Jana Matuszak is a Sumerologist with a research focus on editing, translating, and analyzing Sumerian literature, with a particular interest in lesser or hitherto unknown texts. This requires close engagement with original cuneiform manuscripts, which she has studied in collections across Europe, America, and Asia. Her work combines philological basic research with analytical methods derived from literary and cultural studies, leading her to explore problems of grammar and lexicography just as much as questions related to gender, law, and religion.
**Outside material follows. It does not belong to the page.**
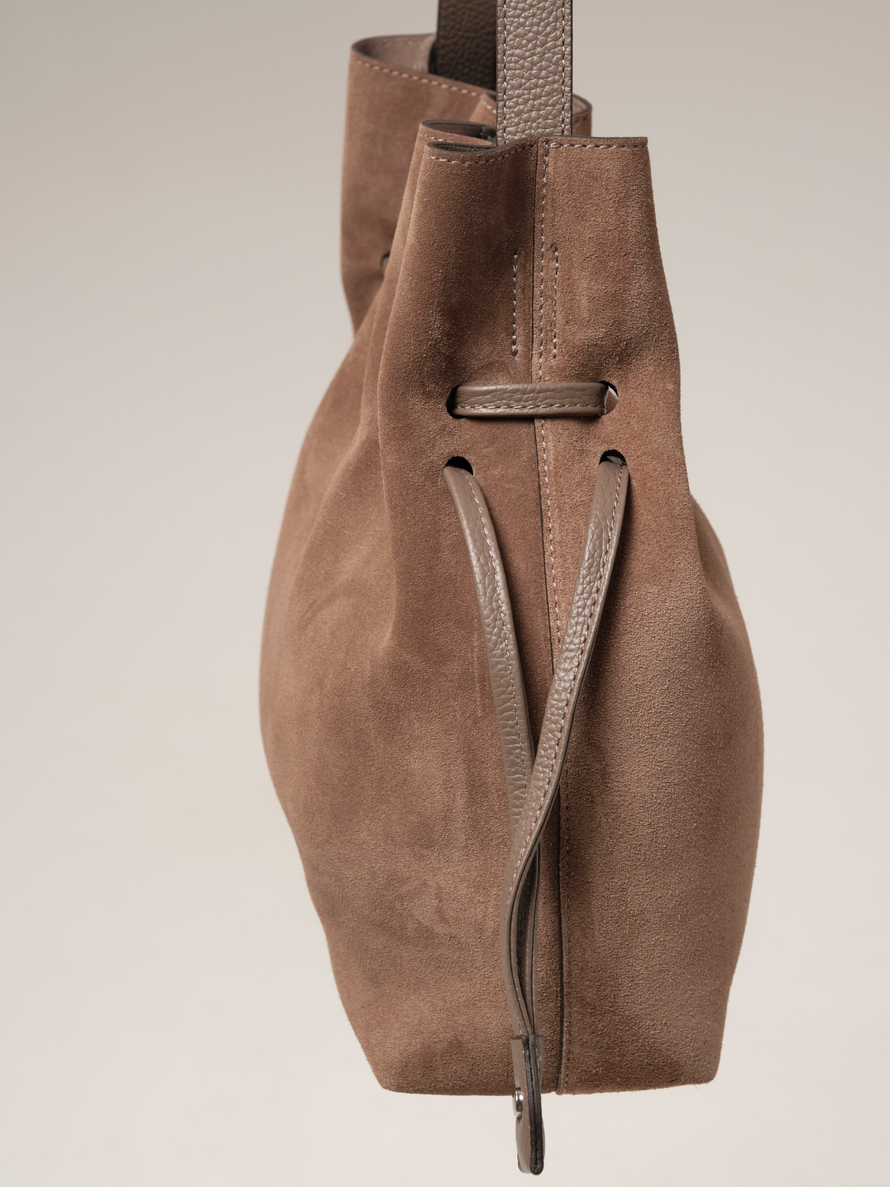 31143 серо-коричневый Сумка dbr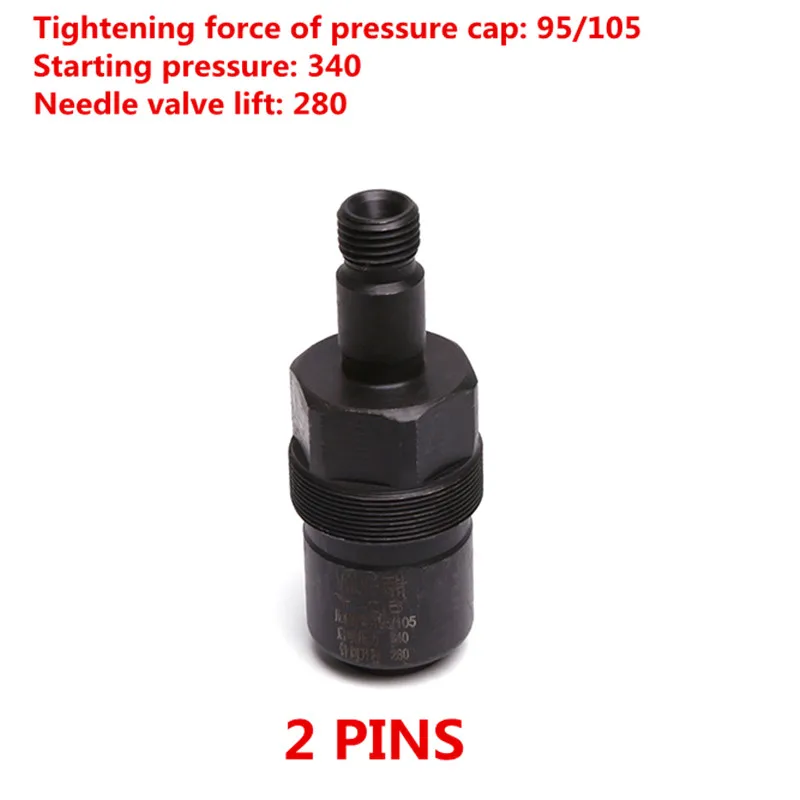 Nozzle Opening Pressure and Atomization Testing Adapter for Volvo 2 Pins 4 Pins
Her dissertation, which presented the first critical edition and analysis of a Sumerian literary disputation between two women, won the International Association for Assyriology Dissertation Prize and the German Academic Scholarship Foundation’s Johannes Zilkens Prize for the best dissertation in humanities and social sciences. Her first monograph, which was based on her dissertation, was published by De Gruyter in 2021. She is currently working on a book project exploring Sumerian mock hymns as a hitherto unrecognized genre, along with a second monograph entitled Defining Femininity: The Construction of Ideal Women in Sumerian Didactic Literature at the Dawn of the 2nd Millennium BCE, which introduces the world’s oldest literary discourse on gender and seeks to engage scholars beyond her field.
Matuszak studied in Tübingen, London, and Bern, and received her PhD in Sumerology, summa cum laude, from the University of Tübingen. After faculty positions at the University of Jena and SOAS University of London, she served as an assistant professor at the University of Tübingen.